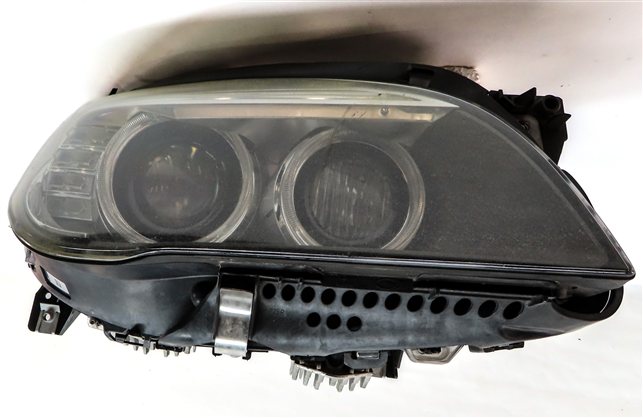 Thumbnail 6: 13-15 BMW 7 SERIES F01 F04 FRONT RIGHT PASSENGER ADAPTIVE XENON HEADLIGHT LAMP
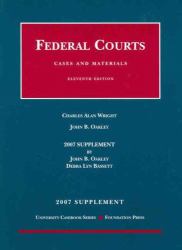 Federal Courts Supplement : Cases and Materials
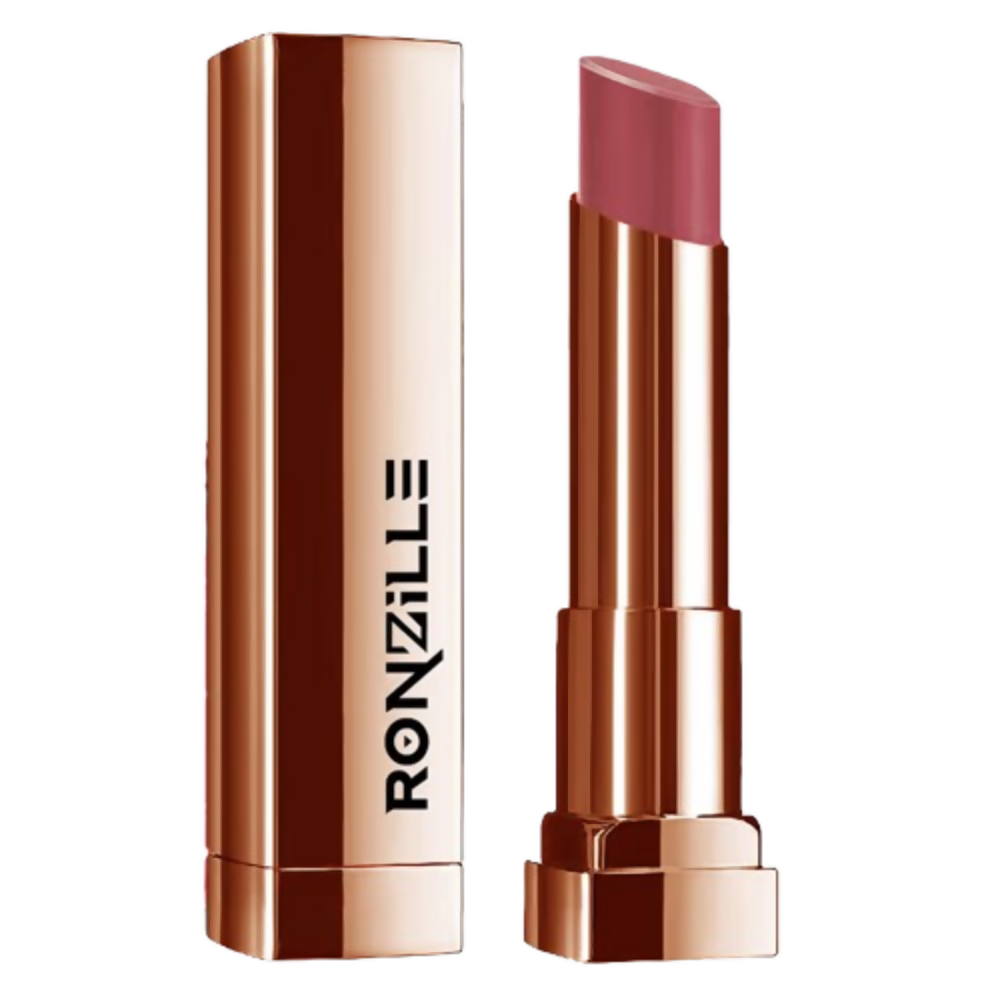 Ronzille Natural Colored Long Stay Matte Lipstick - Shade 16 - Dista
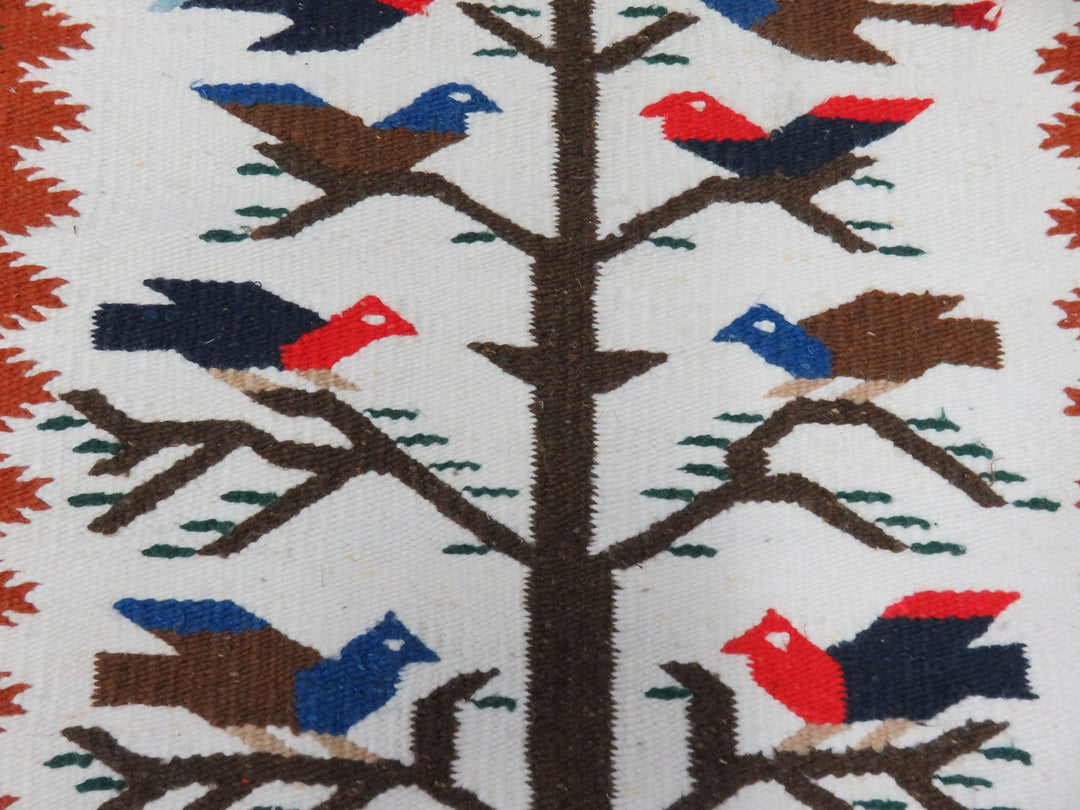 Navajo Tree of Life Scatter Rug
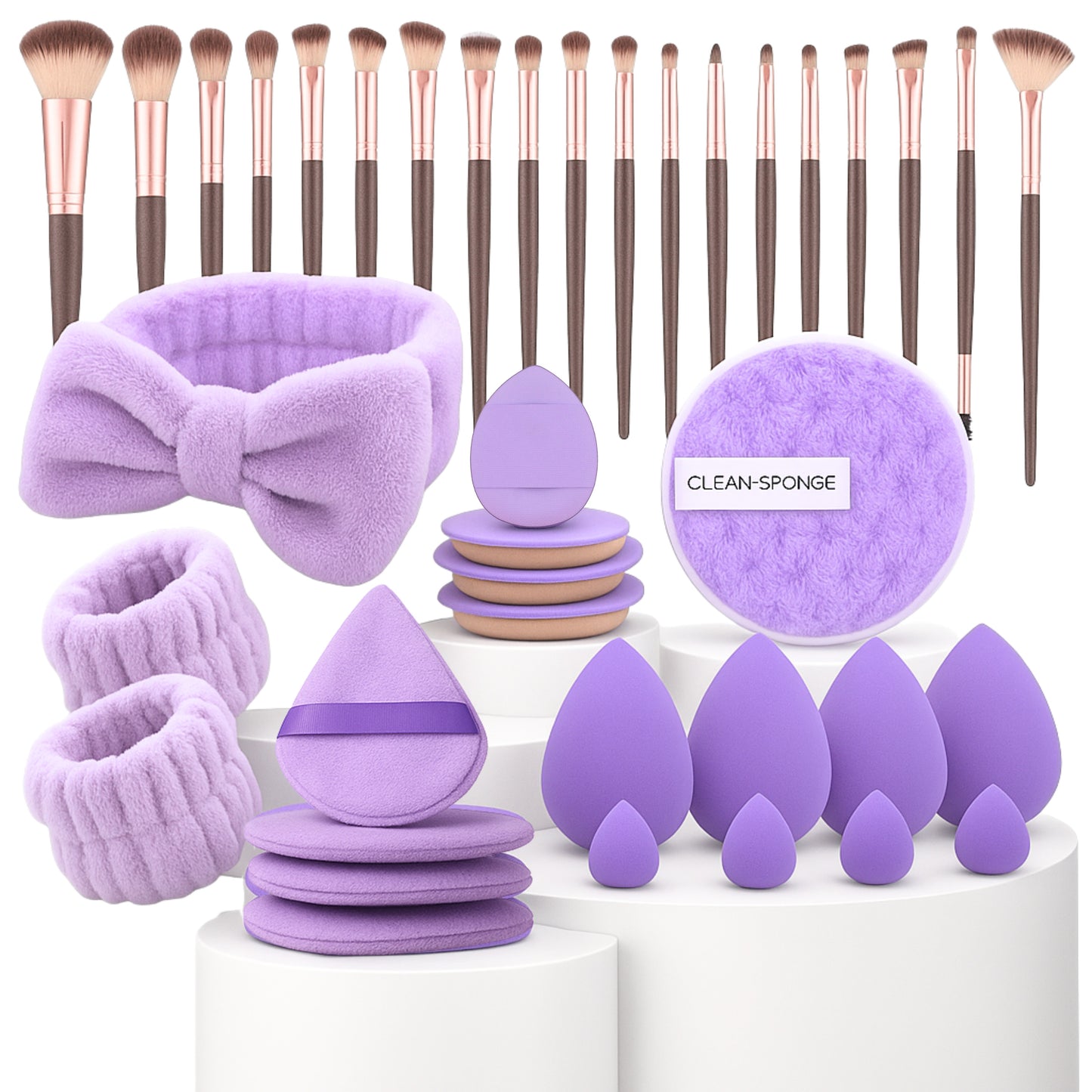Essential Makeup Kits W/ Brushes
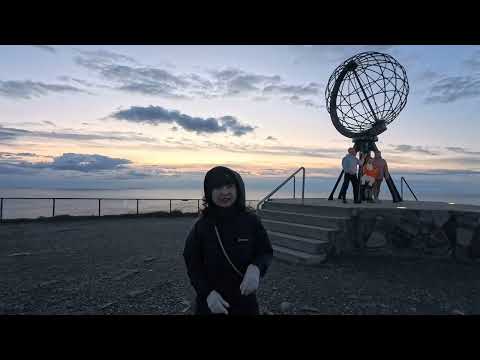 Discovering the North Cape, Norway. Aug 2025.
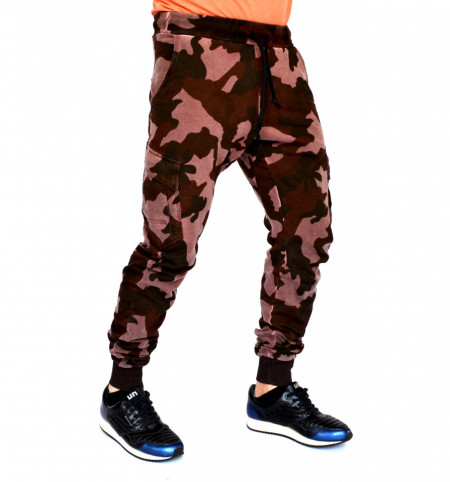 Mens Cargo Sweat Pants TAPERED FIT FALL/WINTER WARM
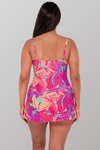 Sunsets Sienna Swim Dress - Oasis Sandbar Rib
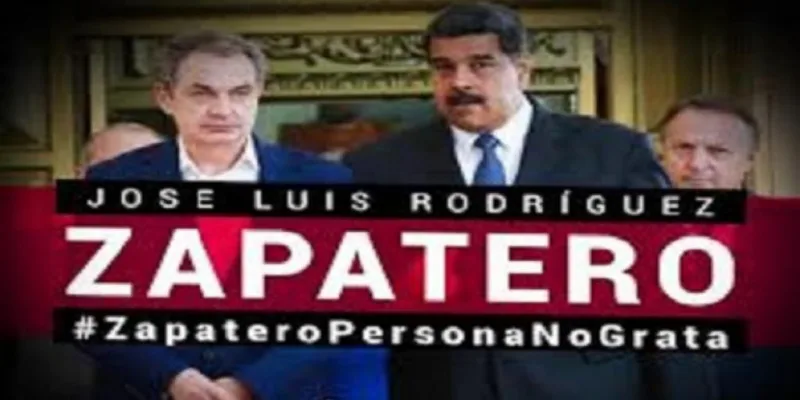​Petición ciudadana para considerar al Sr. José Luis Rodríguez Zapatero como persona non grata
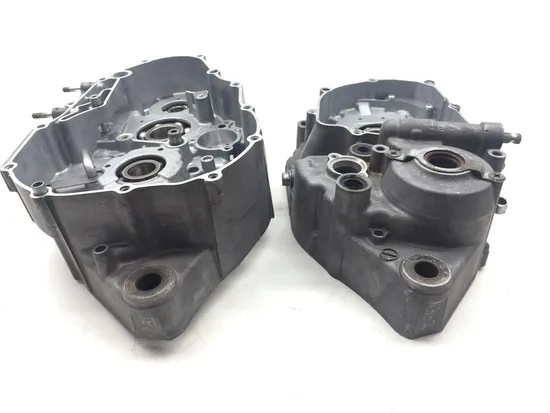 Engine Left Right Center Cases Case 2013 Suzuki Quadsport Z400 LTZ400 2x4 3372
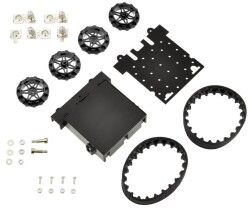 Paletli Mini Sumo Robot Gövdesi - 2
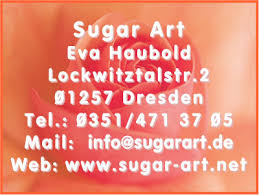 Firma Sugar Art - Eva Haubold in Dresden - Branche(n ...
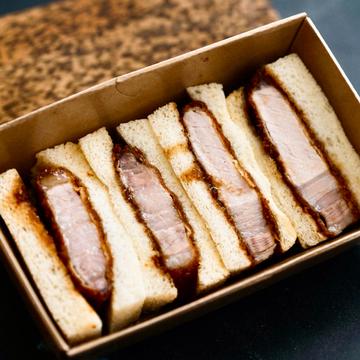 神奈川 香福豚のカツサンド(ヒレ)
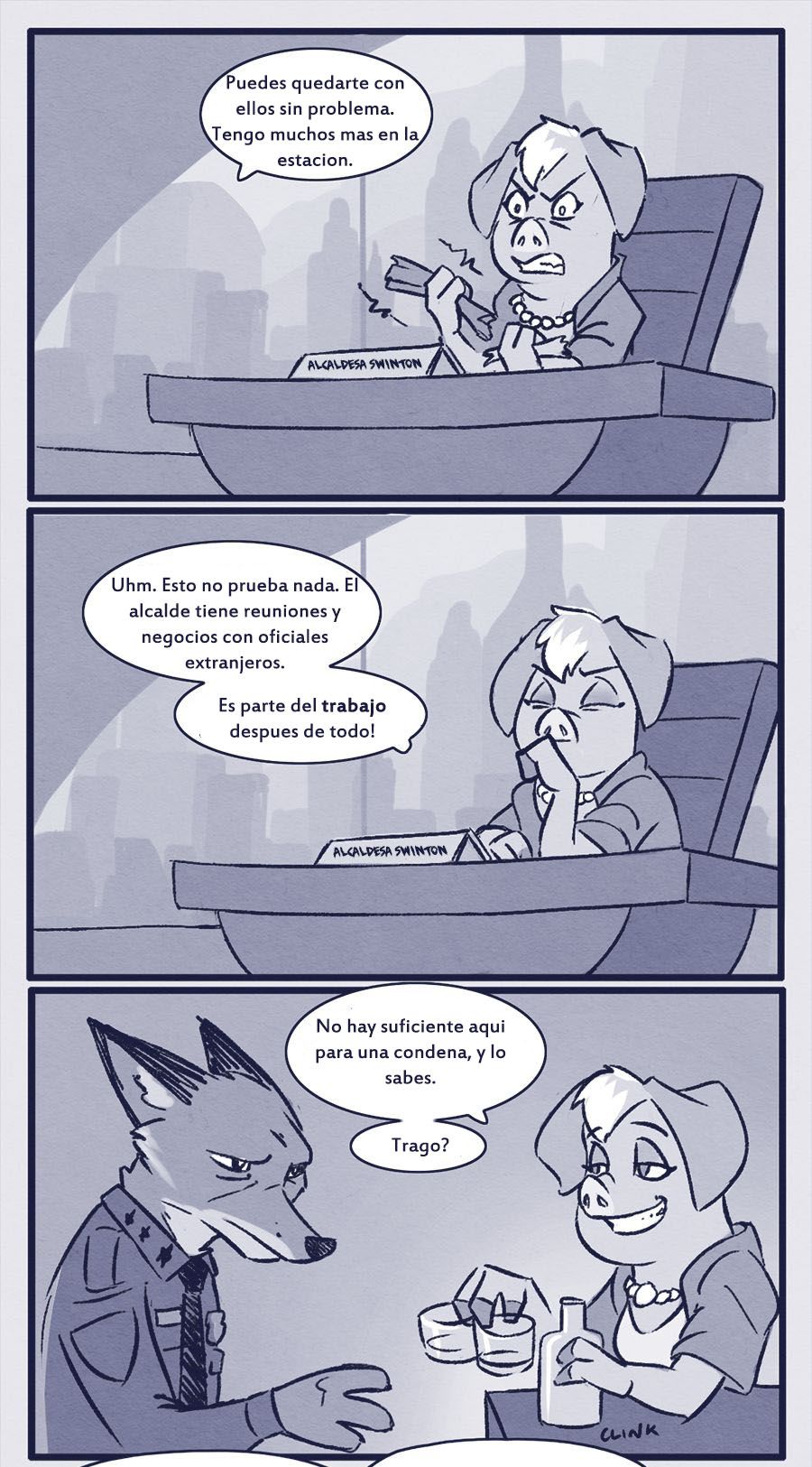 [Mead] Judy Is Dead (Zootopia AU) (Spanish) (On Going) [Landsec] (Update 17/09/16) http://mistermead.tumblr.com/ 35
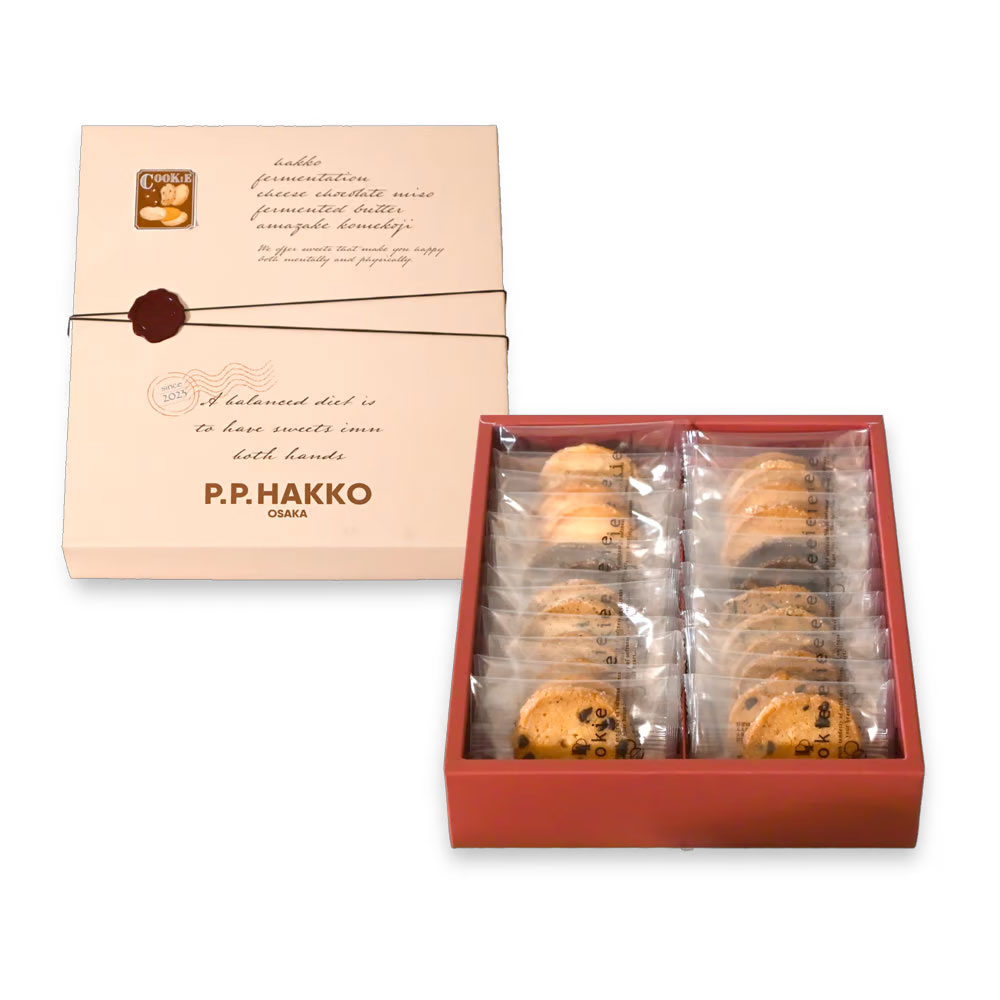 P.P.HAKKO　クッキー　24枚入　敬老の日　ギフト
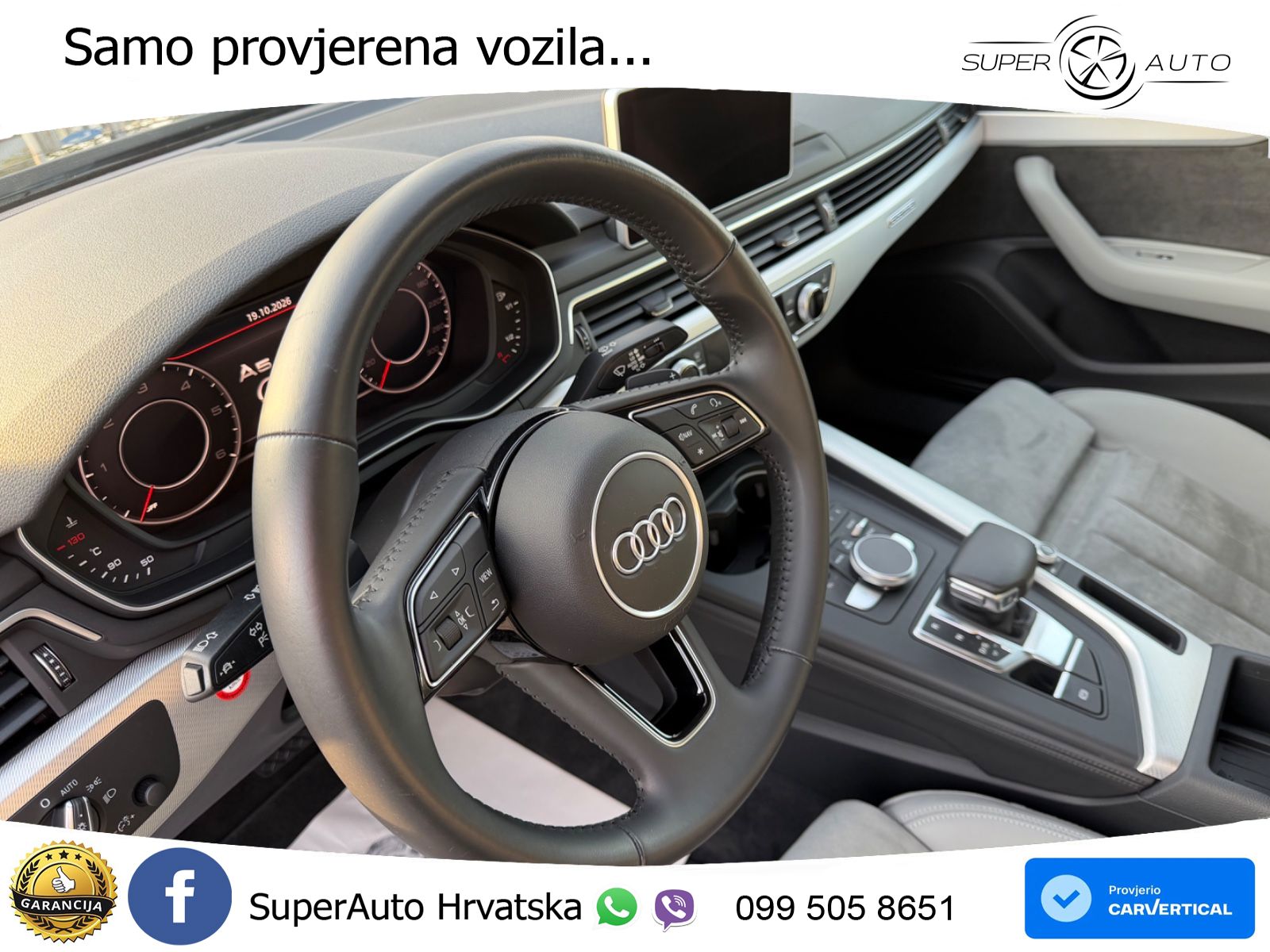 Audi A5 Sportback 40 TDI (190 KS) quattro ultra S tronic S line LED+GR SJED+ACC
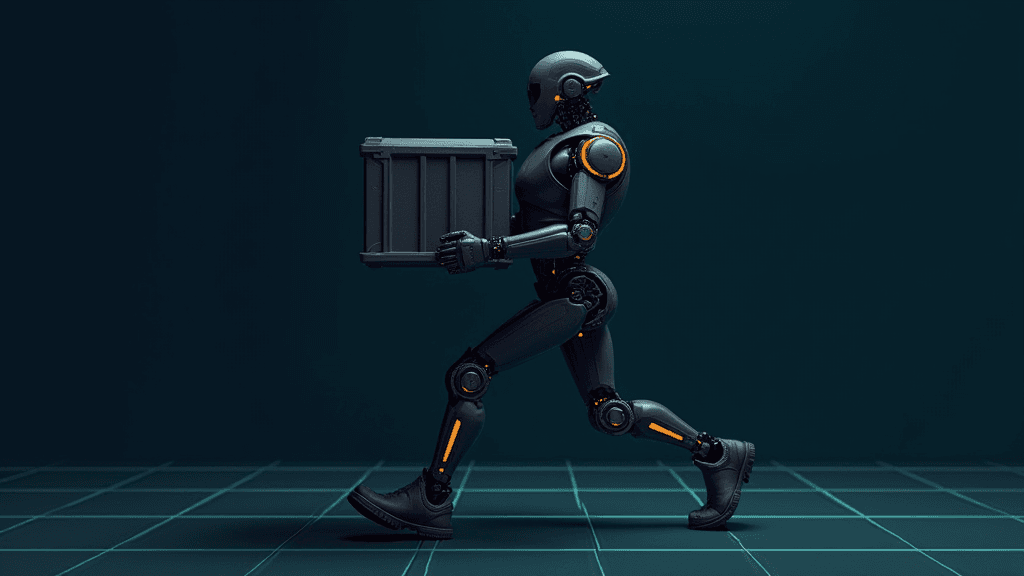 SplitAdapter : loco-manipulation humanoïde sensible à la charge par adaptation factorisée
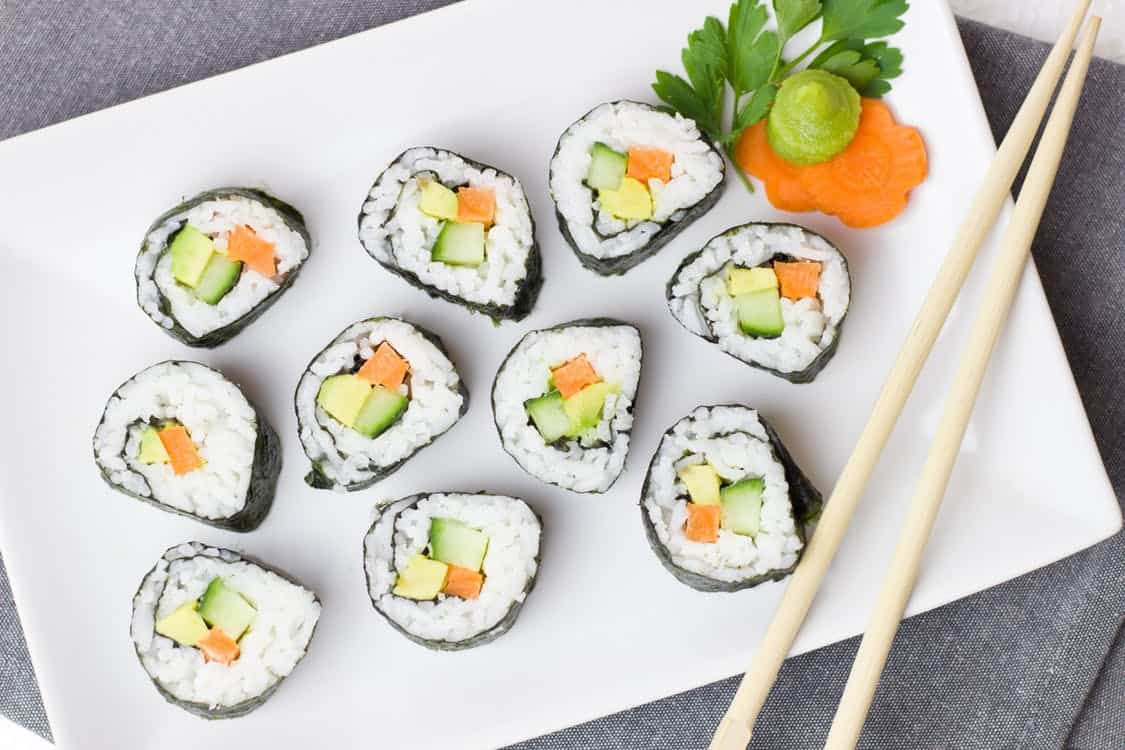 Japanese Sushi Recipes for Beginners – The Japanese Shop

--------

ACTIVITY: What is needed is an exact restatement of every line from the line containing "Paletli Mini Sumo Robot Gövdesi - 2" through the last line of the records, minus any pictures.

TASK RESPONSE:
 Paletli Mini Sumo Robot Gövdesi - 2
 Firma Sugar Art - Eva Haubold in Dresden - Branche(n ...
 神奈川 香福豚のカツサンド(ヒレ)
 [Mead] Judy Is Dead (Zootopia AU) (Spanish) (On Going) [Landsec] (Update 17/09/16) http://mistermead.tumblr.com/ 35
 P.P.HAKKO　クッキー　24枚入　敬老の日　ギフト
 Audi A5 Sportback 40 TDI (190 KS) quattro ultra S tronic S line LED+GR SJED+ACC
 SplitAdapter : loco-manipulation humanoïde sensible à la charge par adaptation factorisée
 Japanese Sushi Recipes for Beginners – The Japanese Shop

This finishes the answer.